[[ Data to examine, beginning ]]

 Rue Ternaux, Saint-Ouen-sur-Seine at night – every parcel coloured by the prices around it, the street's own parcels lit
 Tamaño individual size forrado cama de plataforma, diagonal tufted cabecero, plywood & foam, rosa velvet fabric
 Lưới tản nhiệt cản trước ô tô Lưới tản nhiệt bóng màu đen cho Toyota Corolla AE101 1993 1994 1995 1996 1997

[[ Data to examine, end ]]
[[ Data to examine, beginning ]]

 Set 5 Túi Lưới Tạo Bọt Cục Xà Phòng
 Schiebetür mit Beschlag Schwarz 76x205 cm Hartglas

[[ Data to examine, end ]]

▶ _Action item_:
Search the data above for lines holding "Lưới" and copy each of them.

▶ _Answer to this exercise_:
 Lưới tản nhiệt cản trước ô tô Lưới tản nhiệt bóng màu đen cho Toyota Corolla AE101 1993 1994 1995 1996 1997
 Set 5 Túi Lưới Tạo Bọt Cục Xà Phòng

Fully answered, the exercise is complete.